◆ **Task instructions**: Reproduce the entries in full. Exclude all images from the copy.

——

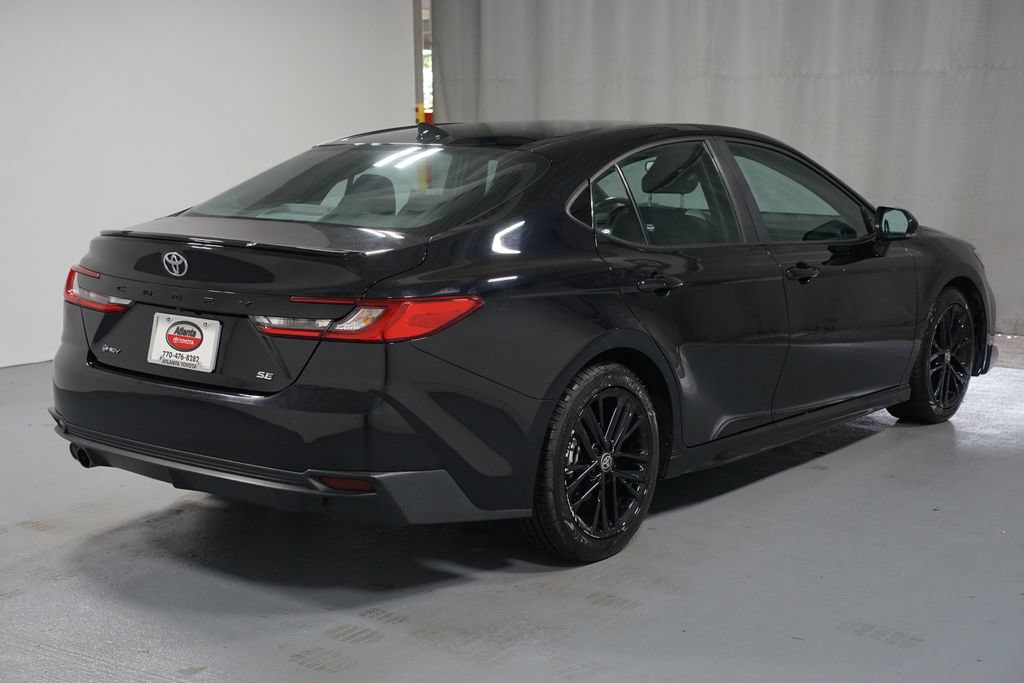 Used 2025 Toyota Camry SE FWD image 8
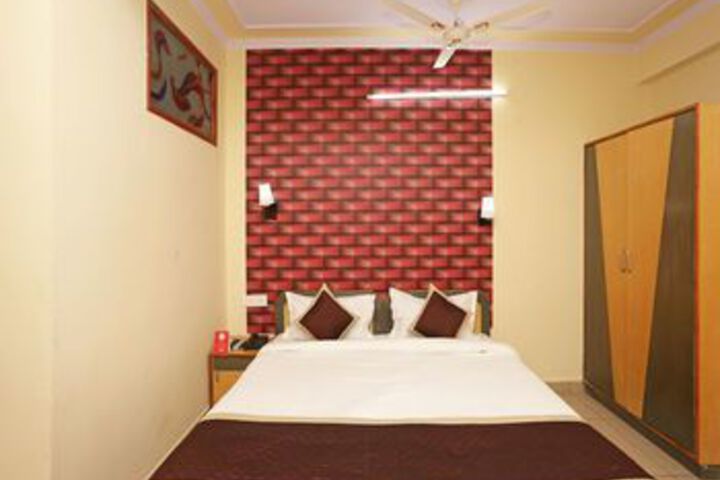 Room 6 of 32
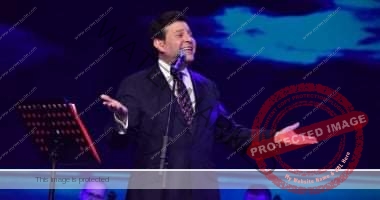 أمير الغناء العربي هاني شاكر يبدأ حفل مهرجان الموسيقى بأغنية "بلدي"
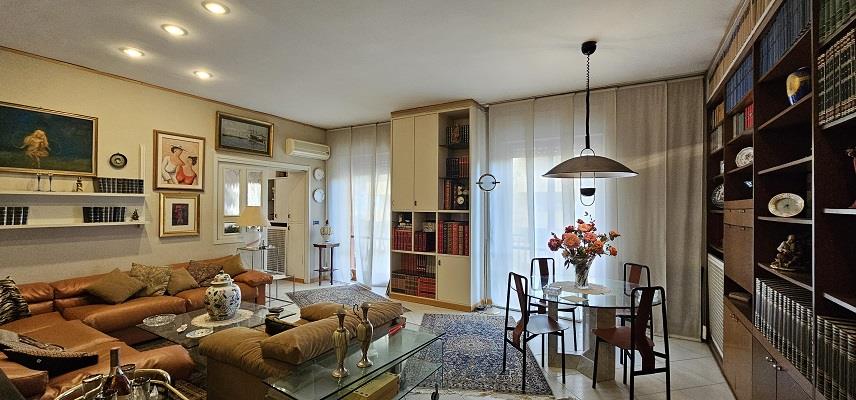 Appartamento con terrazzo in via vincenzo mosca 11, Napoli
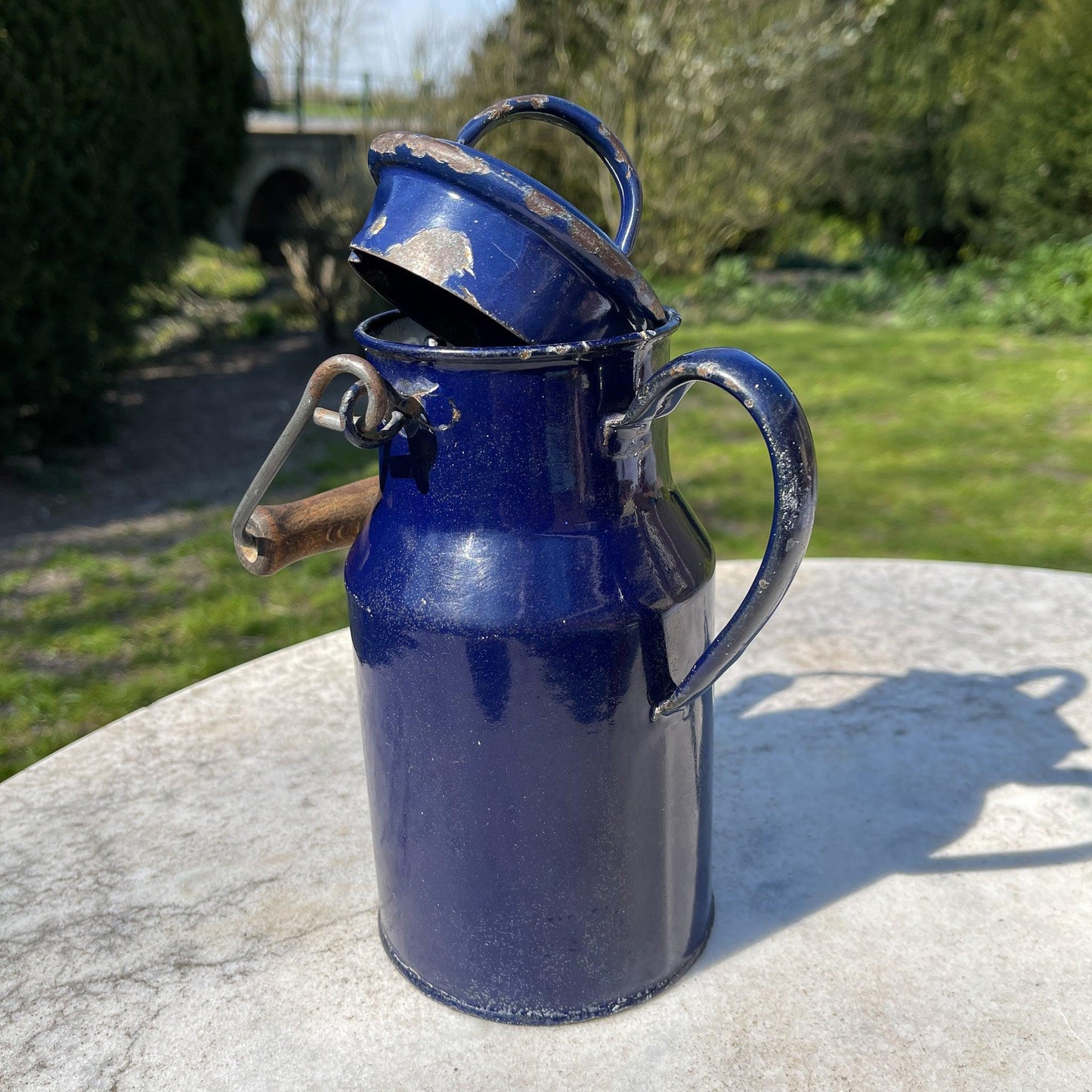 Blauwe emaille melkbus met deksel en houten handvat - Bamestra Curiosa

——

◆ **Exercise response**:
 Used 2025 Toyota Camry SE FWD image 8
 Room 6 of 32
 أمير الغناء العربي هاني شاكر يبدأ حفل مهرجان الموسيقى بأغنية "بلدي"
 Appartamento con terrazzo in via vincenzo mosca 11, Napoli
 Blauwe emaille melkbus met deksel en houten handvat - Bamestra Curiosa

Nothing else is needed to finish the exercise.